We live in a society that reveres experts. We need experts to paint our homes, fix our cars, plan our menus, file our taxes, cut our hair, decorate our rooms, plan our weddings, fertilize our lawns, and groom our dogs.
People today seem to feel inadequate for just about everything - just look at the self-help section of the nearest book store! There are books to teach us how to stimulate the minds of our toddlers, keep our children from getting fat, talk to to our teens about sex, and get our kids into the best colleges. We read books telling us how to read the Bible. We listen to radio programs telling us how to manage our money. We watch TV shows telling us how to dress stylishly. We look to "experts" to tell us how to have a good marriage or be a good parent. Of course, only a trained expert could possibly raise and educate a child properly. Right?
Right?
If we go back about, oh, maybe 50 years, I think we'd find that all these things (and a good many more ) were handled at home ... by a "regular person".... who didn't have a whole lot of specialized training, but maybe had helped his or her mom or dad do those things in the past, or maybe even figured things out on their own. There was something called "the pioneer spirit", which caused people to believe that they could do things they had never done before... and succeed...even overcoming extreme difficulties and obstacles to do so!
How often does fear cause us to hand over the most important things in our lives to others, because they can "do it better"? Feelings of inadequacy can cripple us. They can cause us to cave in under pressure. They can distort reality.
It is also possible for feelings of inadequacy to be a blessing when they drive us into a greater dependence on God, our Creator! Pastor Charles Stanley has an article called "Inadequacy: A Barrier or a Blessing?" that explores this very thing.
I am an Inadequate Homeschooler. But I rejoice that I have the Holy Spirit living within me, who gives me the power to do all that God would have me accomplish.

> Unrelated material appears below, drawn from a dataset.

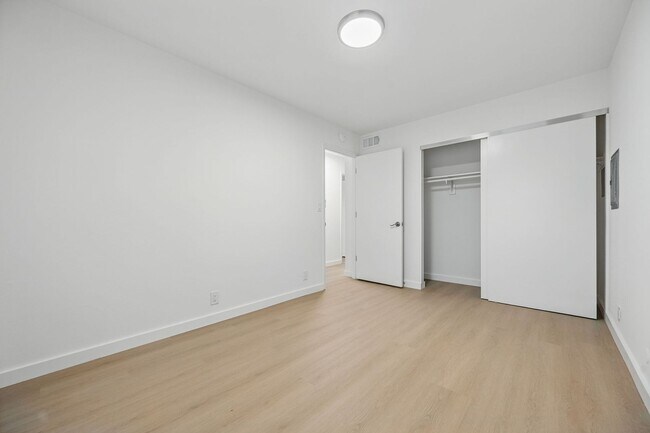 Building Photo - 774 9th Ave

I do not have to rely on my own feeble strength.
Ephesians 3:16-21I pray that out of his glorious riches he may strengthen you with power through his Spirit in your inner being, so that Christ may dwell in your hearts through faith. And I pray that you, being rooted and established in love, may have power, together with all the saints, to grasp how wide and long and high and deep is the love of Christ, and to know this love that surpasses knowledge—that you may be filled to the measure of all the fullness of God.